Pretty sure we as organizers very explicitly said that we don't want to repair a broken welfare system. The point is how do we do that? That is something you fail to broach. I am disappointed in you cole, for not only how you behaved during the conference but also your general lack of patience and ability to listen to people. If you think intervening in the conference was a waste of your time fine. If you want to critique the conference fine. If you want to rehash libcoms definition of the working class, communism or whatever fine. Do what you do cole and see how far that gets us, you and the working class. But there are some of us who actually want to build something and empower people and this will happen with or without you.

anarcho communist for life

dave bush

Cole you are more annoying in

Cole you are more annoying in five minutes than Solidarity Halifax was in 8 hours.

http://privilegedenyingdude.tumblr.com/post/1590419234

 

No personal attacks please

Please refrain from personal attacks. 

thank you.

It might be more productive

It might be more productive to engage with ideas and arguments that one disagrees with rather than shooting the messanger. 

For example,if folks disagree with the statement, "there is no coherent anti-capitalist movement in Halifax I would suggest that our discussions towards building one need to start with basic questions such as “What is capitalism and how do we go about overthrowing it"", it might make sense to articulate why that is not an ideal starting point for movement building, discussion, etc.  

As an attendee of the

As an attendee of the Solidarity Halifax conference, I must say that I was frustrated as well by the lack of coherence to the discussion.  But, as the organizers stated, this was only meant to be a "baby step" conference to be built upon by more solidarity halifax conferences to come.

I am looking forward to the next one!

A few ideas on how it could be improved:

-At the next conference, try to formulate some principles such as the ones stated above, by which we can measure our progress or regression as an anti-capitalist left.  At the conference after that, discuss whether we have stuck by these prinicples and whether we feel they are still working.

-Mix it up a little bit.  Have a few speakers deliver talks every now and then.  Screen interviews featuring critical figures from the anti-capitalist movement... much of the work has already been done, we should try to build on it, not start from scratch!

-Have some sort of online forum (like this one) which people can discuss the event well in advance, so as to better inform the conference organizers of what people want out of the conference

 

Cole, Dave, you strike me as ideal candidates for potential speakers!

 

Also, I think that Cole raises a very good point:

perhaps before we have conferences to address the question of "how do we intervene in the class struggle?", we should first have a conference on the more abstract and fundamental question: "what principles do we stand by and judge ourselves according to when intervening in class struggle?"

Keep this discussion going!

snore

Damn, when will white men stop trashing 'inclusivity' and recognize their movement (as stipulated above) does nothing to confront patriarchy and white supremacy.

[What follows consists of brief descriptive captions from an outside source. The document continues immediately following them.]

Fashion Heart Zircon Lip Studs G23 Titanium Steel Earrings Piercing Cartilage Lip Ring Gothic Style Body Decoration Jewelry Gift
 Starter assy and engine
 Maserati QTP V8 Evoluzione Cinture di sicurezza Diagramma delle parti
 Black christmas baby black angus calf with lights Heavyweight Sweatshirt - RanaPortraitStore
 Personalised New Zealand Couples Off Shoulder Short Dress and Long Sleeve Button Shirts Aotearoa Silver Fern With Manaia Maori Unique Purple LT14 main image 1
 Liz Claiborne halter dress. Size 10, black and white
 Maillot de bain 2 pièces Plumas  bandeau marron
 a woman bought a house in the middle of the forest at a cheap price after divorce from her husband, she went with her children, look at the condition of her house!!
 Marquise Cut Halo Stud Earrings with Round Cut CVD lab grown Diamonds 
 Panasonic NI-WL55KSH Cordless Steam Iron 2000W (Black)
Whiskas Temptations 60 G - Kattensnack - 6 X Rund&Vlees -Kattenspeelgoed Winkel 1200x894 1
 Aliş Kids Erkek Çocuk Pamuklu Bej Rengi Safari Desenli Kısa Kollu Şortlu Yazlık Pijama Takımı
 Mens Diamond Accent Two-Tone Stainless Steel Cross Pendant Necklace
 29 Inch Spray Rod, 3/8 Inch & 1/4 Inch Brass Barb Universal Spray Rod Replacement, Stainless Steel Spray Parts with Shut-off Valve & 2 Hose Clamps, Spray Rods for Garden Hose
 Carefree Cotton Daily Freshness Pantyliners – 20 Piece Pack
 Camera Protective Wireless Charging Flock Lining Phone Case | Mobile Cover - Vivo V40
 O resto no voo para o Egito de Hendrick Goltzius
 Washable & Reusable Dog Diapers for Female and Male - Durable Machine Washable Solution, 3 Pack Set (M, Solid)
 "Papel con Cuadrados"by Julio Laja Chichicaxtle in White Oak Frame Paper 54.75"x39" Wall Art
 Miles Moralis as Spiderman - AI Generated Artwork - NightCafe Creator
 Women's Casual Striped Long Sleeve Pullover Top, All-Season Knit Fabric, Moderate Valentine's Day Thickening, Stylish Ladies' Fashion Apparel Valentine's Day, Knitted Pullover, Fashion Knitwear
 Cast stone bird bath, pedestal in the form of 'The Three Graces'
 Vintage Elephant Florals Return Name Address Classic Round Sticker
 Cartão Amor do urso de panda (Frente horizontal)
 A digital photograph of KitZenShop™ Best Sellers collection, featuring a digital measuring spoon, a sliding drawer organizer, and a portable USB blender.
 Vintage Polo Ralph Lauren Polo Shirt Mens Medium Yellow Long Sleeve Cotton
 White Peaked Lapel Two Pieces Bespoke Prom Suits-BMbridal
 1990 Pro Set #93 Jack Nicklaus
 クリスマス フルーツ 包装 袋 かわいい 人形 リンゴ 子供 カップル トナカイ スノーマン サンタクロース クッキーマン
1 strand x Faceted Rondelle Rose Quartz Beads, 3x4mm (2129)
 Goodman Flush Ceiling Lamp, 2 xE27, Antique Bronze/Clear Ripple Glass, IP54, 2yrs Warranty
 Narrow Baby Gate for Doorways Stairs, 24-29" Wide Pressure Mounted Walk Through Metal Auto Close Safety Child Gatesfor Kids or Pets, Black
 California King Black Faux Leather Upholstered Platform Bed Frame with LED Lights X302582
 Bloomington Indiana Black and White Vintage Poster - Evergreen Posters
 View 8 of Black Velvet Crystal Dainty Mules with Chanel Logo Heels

Denouncing anti-sexist and anti-racist struggles as mere liberal left fodder (i.e. inclusivity) just reinforces their own privilege. It also invisibilizes the work of anti-capitalist women of colour thinkers who situate capitalism side by side with patriarchy and white supremacy (i.e bell hooks, Outlaw Culture, 1994), and who have played a critical role to our understanding of capitalism. 

So they (this author and his ilk) get to sit back and tell everyone else how to organize, and to put aside their struggles for the sake of someone else' class struggle; namely, his. They're too busy convincing us that their struggle is the most important, they don't have time to stand in solidarity with those who face the worst of the excesses of capitalism. Nor can they see that capitalism will never be torn down and smashed without also smashing colonialism and gender oppression.

It's always hierarchy with these types: capitalism is on the top, and we've got to take it down because they said so. We'll smash patriarchy and everything else nasty AFTER they get their little revolution.

They never analyze their own situatedness with respect to relative power over others. You'll never hear a white male anti-capitalist like this author say he will prioritize other struggles  when those struggles threaten his own privilege vis a vis others.

Confronting power structures in our movements and denouncing them as we organize is central; it's not going to wait for after some grand revolution or something. To those like-minded folks to this author, wake up: you'll never have people joining your ideology if they have to wait for you to speak before they get a say in how to organize or what to organize for.

Solidarity fail

I was also in attendance at

I was also in attendance at the surprisingly large – to me -- conference and participated throughout. I also am employed in an activist organization (NSPIRG) that I include, implicitly, in the critique below.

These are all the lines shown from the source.